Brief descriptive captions
▬▬▬

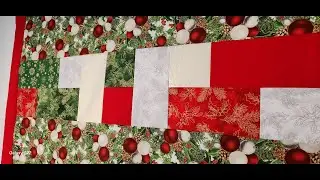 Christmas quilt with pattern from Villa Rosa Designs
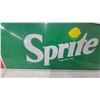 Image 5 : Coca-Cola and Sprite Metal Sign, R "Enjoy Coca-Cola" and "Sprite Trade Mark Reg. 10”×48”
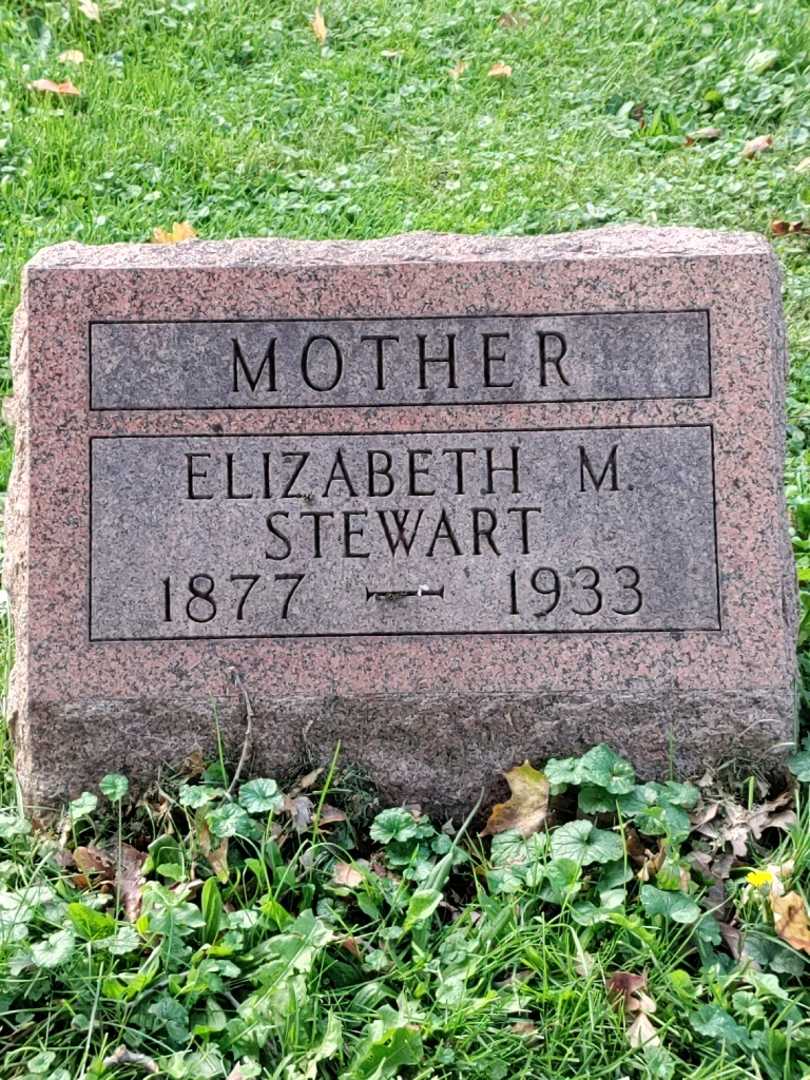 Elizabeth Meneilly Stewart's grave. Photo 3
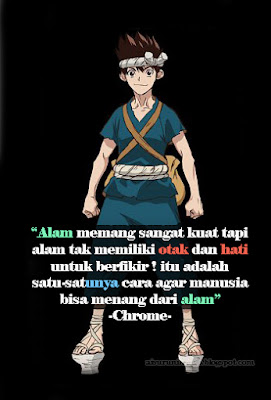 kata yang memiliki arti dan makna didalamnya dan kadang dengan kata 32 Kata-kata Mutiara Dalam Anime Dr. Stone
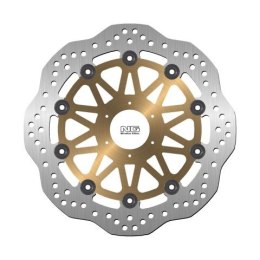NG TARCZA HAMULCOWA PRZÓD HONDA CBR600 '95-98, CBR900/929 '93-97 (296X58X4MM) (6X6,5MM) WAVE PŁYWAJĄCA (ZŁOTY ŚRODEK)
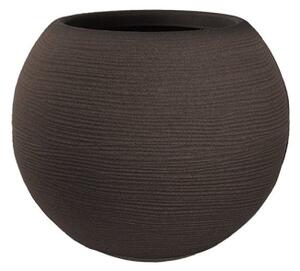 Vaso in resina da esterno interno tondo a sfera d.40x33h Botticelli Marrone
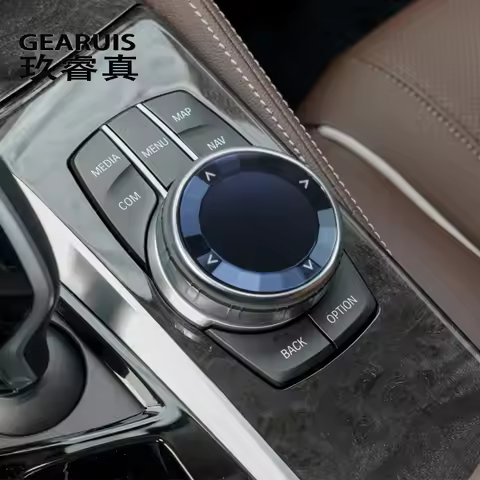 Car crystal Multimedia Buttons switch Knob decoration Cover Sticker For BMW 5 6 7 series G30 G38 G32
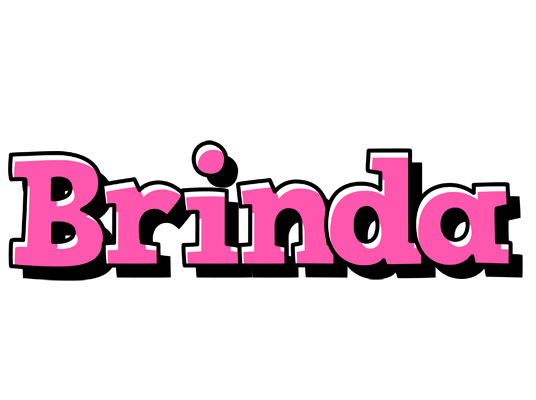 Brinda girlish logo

▬▬▬

PROBLEM REQUIREMENTS:
Go to the line that contains "kata yang memiliki" and copy it and every line after it through the end of the entries, exactly, without the pictures.

RESULT:
 kata yang memiliki arti dan makna didalamnya dan kadang dengan kata 32 Kata-kata Mutiara Dalam Anime Dr. Stone
NG TARCZA HAMULCOWA PRZÓD HONDA CBR600 '95-98, CBR900/929 '93-97 (296X58X4MM) (6X6,5MM) WAVE PŁYWAJĄCA (ZŁOTY ŚRODEK)
 Vaso in resina da esterno interno tondo a sfera d.40x33h Botticelli Marrone
 Car crystal Multimedia Buttons switch Knob decoration Cover Sticker For BMW 5 6 7 series G30 G38 G32
 Brinda girlish logo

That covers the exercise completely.